• Exercise: An exact copy is required of every line from the one with "Vape België Grapplebery" through the end of the data below, and the pictures must stay out of it.

Dataset records section start

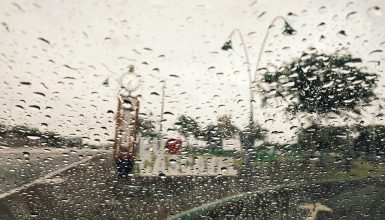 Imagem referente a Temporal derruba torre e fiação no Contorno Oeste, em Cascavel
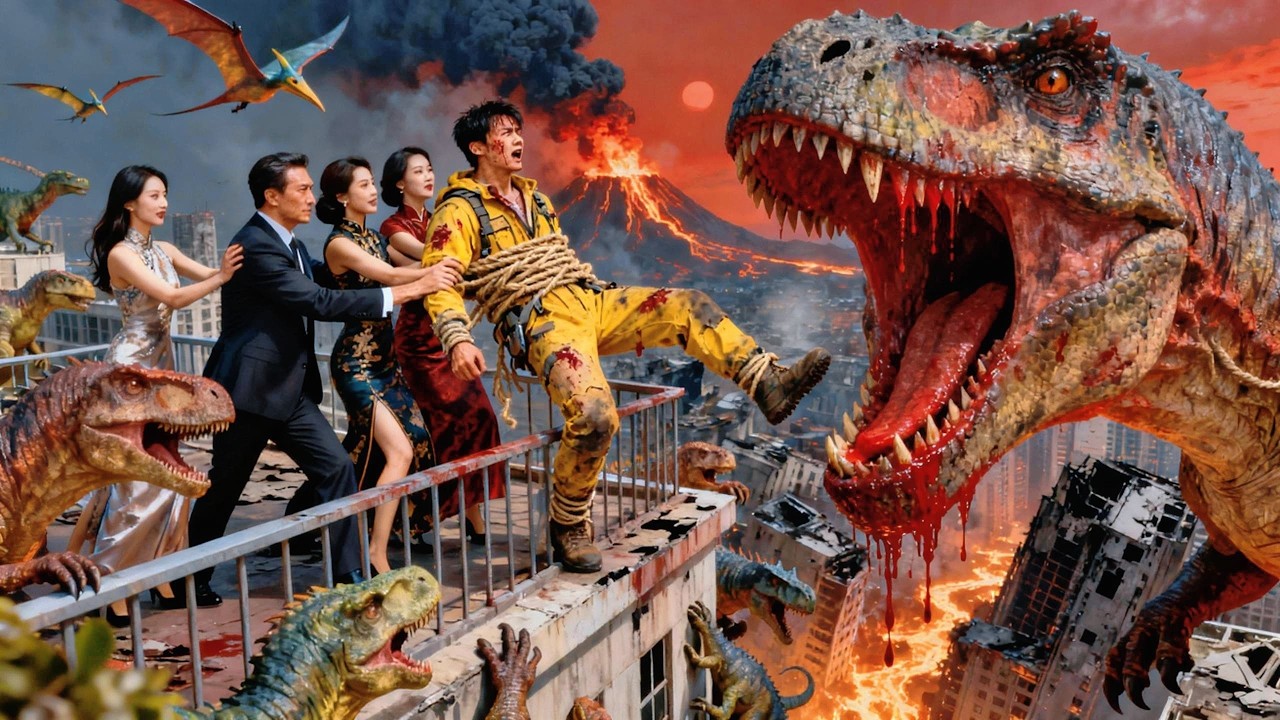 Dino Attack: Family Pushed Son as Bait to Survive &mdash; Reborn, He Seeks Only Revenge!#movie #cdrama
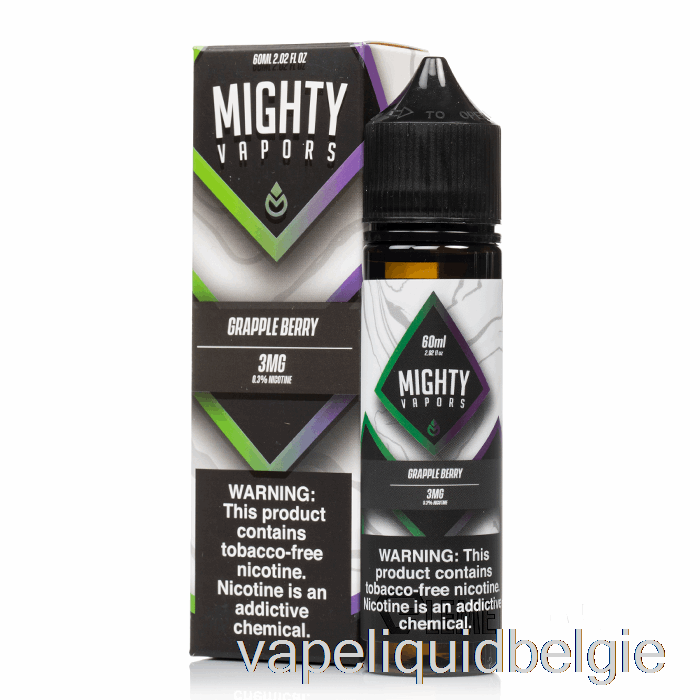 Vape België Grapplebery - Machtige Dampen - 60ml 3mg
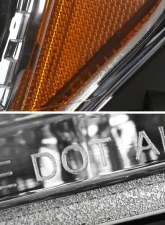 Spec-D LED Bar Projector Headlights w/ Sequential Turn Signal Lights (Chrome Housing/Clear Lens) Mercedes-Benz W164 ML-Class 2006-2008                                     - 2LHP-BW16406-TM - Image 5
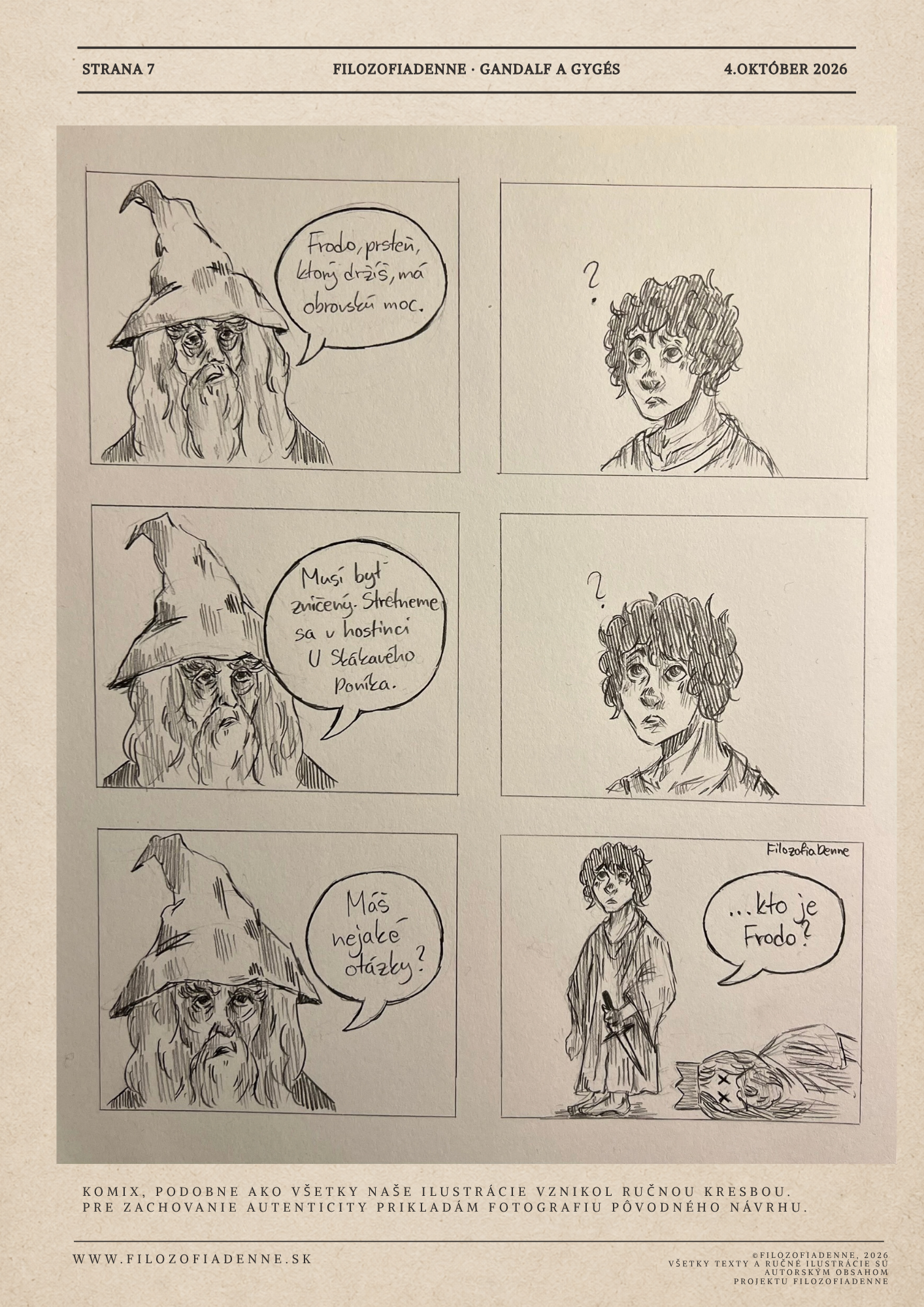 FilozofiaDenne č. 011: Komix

Dataset records section end

• Your response:
 Vape België Grapplebery - Machtige Dampen - 60ml 3mg
 Spec-D LED Bar Projector Headlights w/ Sequential Turn Signal Lights (Chrome Housing/Clear Lens) Mercedes-Benz W164 ML-Class 2006-2008                                     - 2LHP-BW16406-TM - Image 5
 FilozofiaDenne č. 011: Komix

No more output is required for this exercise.